Step 2: Then add everything but the flour. That would be your milk, egg yolk, salt, and sugar. Mix it until it’s nice and homogenous.
Step 3: Add your flour in 3 or 4 portions without interrupting your mixing. Just keep it going. And stop the moment you see that everything is together – no need to continue and do more work!
*i really should have switched attachments after creaming the butter in the first step. I continued to use the creaming attachment instead of the mixing attachment. The creaming one has sharper edges that cuts into the butter, while the mixing one is blunt and less harsh on the dough. But I forgot. And in the end, my crusts still came out delicious, so no need to freak out!

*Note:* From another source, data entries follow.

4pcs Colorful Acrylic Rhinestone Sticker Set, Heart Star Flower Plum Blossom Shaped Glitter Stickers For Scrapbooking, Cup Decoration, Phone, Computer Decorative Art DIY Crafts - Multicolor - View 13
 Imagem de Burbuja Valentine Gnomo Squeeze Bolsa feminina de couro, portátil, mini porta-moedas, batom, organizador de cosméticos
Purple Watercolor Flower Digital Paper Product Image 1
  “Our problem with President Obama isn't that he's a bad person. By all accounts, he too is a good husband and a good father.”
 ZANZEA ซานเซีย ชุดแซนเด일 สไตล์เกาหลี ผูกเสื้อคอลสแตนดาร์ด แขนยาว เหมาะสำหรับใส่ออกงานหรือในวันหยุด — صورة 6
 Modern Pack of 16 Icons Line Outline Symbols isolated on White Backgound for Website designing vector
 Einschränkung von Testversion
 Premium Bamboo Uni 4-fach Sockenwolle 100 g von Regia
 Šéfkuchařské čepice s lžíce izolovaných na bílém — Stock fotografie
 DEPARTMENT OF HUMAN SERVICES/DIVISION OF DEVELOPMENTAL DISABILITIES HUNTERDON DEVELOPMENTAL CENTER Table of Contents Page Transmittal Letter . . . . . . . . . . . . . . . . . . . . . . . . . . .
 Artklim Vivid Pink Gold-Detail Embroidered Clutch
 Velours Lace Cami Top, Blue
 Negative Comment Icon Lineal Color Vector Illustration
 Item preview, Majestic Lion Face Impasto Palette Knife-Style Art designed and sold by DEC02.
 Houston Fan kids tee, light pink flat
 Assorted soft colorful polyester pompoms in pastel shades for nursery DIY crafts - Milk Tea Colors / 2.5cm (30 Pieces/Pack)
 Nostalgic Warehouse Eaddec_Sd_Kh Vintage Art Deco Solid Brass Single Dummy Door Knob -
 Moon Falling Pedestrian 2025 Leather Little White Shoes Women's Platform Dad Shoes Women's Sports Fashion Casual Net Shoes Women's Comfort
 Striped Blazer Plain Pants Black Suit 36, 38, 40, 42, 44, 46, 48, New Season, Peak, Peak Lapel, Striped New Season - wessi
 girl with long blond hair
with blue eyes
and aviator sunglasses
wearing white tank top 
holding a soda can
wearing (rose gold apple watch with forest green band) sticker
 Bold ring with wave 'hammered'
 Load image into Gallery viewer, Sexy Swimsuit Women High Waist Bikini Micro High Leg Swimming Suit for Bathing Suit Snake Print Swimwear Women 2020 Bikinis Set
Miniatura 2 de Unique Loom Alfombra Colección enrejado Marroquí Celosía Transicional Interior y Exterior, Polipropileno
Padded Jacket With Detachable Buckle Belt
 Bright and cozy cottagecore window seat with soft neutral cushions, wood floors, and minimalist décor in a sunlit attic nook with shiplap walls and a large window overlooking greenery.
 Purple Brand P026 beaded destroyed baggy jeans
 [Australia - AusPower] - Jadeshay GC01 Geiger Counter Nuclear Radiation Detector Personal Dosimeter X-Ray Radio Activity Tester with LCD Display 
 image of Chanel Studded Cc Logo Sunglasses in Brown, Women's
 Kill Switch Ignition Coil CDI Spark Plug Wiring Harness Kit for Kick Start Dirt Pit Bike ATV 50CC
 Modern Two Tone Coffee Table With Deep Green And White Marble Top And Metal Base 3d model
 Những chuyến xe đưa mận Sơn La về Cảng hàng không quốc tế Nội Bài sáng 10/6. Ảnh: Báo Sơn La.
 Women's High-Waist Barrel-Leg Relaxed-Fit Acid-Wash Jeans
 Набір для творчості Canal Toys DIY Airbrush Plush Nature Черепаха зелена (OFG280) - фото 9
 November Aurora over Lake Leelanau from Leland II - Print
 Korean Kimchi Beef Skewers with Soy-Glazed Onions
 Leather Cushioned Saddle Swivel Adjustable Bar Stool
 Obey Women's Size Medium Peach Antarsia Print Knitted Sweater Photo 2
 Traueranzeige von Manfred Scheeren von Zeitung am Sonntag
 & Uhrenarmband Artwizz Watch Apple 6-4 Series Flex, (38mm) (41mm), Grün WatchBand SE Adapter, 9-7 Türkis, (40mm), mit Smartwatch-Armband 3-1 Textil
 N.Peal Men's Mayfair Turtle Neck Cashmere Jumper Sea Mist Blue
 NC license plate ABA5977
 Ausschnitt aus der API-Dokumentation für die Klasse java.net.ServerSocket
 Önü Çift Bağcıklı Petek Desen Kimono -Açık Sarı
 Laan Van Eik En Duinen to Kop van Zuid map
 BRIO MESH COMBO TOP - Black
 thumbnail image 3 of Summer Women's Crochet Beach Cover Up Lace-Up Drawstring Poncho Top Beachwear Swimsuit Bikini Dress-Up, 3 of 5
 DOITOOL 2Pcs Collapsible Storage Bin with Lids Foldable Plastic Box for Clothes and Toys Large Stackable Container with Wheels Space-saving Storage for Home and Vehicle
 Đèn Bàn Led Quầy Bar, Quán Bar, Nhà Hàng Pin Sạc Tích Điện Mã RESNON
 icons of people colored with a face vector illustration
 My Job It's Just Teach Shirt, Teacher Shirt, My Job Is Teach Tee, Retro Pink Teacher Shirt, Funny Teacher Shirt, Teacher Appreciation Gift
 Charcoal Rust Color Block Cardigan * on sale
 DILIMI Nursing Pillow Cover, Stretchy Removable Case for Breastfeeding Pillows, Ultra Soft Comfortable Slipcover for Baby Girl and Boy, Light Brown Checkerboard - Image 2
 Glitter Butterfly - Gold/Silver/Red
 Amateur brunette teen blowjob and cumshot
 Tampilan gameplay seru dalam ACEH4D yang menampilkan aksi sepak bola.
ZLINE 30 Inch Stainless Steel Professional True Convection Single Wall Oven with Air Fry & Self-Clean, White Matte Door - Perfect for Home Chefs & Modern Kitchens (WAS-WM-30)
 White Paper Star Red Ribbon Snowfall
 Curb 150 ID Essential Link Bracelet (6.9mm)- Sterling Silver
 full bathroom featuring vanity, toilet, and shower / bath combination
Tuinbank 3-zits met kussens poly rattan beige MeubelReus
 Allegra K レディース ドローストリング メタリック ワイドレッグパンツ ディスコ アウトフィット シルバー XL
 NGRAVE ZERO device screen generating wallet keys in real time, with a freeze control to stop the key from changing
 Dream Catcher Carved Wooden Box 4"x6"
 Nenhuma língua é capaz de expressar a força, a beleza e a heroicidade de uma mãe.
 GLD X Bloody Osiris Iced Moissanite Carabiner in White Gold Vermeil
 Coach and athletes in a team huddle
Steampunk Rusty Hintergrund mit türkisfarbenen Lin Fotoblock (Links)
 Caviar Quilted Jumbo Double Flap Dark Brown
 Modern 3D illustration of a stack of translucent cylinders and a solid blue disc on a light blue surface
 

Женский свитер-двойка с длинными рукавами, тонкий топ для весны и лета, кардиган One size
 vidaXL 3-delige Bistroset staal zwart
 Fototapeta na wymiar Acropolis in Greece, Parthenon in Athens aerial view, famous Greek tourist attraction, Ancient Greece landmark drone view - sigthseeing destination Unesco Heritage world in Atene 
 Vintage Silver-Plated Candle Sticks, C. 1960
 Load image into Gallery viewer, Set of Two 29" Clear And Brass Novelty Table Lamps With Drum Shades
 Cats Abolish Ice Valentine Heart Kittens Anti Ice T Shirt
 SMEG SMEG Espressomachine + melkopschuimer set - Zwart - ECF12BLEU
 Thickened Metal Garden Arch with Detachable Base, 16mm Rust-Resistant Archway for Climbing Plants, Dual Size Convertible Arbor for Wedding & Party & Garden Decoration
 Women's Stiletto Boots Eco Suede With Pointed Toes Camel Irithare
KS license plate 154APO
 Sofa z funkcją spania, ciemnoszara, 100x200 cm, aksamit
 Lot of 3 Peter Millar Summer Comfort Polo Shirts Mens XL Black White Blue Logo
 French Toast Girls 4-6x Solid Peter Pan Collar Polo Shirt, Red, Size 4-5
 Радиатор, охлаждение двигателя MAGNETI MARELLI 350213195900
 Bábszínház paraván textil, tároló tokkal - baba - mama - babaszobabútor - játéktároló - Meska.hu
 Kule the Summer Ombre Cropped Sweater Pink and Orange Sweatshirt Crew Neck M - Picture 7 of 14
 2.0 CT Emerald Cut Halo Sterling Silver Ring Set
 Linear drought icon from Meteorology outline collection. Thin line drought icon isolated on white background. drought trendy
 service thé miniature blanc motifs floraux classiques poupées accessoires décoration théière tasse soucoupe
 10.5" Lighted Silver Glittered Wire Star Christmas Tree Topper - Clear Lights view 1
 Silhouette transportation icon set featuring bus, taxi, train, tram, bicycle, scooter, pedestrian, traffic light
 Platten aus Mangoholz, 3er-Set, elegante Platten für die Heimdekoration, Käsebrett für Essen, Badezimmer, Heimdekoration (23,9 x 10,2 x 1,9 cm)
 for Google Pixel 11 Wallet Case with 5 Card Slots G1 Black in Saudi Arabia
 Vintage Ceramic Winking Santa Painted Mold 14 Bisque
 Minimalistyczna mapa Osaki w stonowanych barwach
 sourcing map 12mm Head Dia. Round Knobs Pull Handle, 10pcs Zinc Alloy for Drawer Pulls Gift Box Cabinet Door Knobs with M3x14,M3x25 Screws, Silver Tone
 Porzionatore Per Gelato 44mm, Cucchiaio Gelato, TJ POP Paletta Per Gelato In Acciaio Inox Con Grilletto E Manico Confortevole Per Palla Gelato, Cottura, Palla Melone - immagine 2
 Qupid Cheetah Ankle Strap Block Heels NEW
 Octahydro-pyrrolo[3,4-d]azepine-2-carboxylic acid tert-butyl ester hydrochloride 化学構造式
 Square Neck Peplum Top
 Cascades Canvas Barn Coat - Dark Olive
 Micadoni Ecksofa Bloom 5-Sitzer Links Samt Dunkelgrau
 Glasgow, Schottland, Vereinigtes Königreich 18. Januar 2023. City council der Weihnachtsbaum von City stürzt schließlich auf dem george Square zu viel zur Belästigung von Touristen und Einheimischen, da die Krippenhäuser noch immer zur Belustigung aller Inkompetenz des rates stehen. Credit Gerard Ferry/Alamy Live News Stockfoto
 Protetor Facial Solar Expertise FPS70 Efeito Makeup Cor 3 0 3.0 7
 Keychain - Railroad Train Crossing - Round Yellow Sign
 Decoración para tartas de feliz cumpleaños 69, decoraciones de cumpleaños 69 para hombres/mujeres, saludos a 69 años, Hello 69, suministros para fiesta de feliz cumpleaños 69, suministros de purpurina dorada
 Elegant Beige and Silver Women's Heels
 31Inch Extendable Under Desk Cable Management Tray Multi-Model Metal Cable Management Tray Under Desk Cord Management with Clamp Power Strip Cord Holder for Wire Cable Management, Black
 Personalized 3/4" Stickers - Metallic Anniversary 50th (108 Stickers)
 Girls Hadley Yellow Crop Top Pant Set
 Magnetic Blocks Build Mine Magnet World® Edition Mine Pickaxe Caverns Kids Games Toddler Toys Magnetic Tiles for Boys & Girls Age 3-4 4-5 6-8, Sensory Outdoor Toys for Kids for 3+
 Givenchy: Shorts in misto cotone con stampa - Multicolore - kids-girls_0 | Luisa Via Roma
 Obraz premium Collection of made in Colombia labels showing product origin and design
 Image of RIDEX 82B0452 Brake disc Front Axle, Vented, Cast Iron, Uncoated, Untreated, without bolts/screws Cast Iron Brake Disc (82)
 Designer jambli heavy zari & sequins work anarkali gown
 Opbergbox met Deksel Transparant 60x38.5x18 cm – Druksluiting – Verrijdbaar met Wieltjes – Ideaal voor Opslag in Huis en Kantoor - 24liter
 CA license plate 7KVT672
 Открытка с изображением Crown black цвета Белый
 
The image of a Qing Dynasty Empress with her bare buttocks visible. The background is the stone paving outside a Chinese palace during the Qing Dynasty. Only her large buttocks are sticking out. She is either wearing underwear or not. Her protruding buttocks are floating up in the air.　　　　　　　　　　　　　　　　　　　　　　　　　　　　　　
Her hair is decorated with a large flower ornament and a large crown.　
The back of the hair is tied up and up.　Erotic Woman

This recipe makes enough for three 26cm tart pans, or four 24cm tart pans. I like to divvy up the dough into thirds (i eyeball it… even though i should weigh them), then put a ball of dough on a piece of plastic wrap and pat it down into a circle. I then wrap it up, write PB on it, and repeat 3 times. Then I move my stack of nicely wrapped tart dough into the freezer until I’m craving some quiche.
And the exact same process for pate sucrée, just with different ingredients.
285g butter, room temperature
150g powdered sugar, sifted
50g powdered almonds (or almond flour, same thing.)
1/2 tsp salt
1/4 tsp vanilla extract
2 eggs, lightly beaten
500g all-purpose flour
1. Cream the butter. 2. Add the sugar, almonds, salt, extract, and eggs and mix it in nicely. 3. Add the flour in 3 or 4 portions and mix just until the moment when you don’t see anymore flour. Stop, and divide, wrap, flatten, and freeze! Make sure you label them, because a few weeks later, you might forget which dough is savory and which dough is sweet… which wouldn’t be the end of the world, but may cause you one less headache in life :)
BONUS picture! this is why i don’t bake at night, they always come out with such ugly colors. but i had some leftover sweet dough, so i made a mini tart. with figs. and goat cheese. so then you have: warm tart crust, warm figs, and warm goat cheese mmmmm then you realize life is good, nothing else matters, and everything will be okay!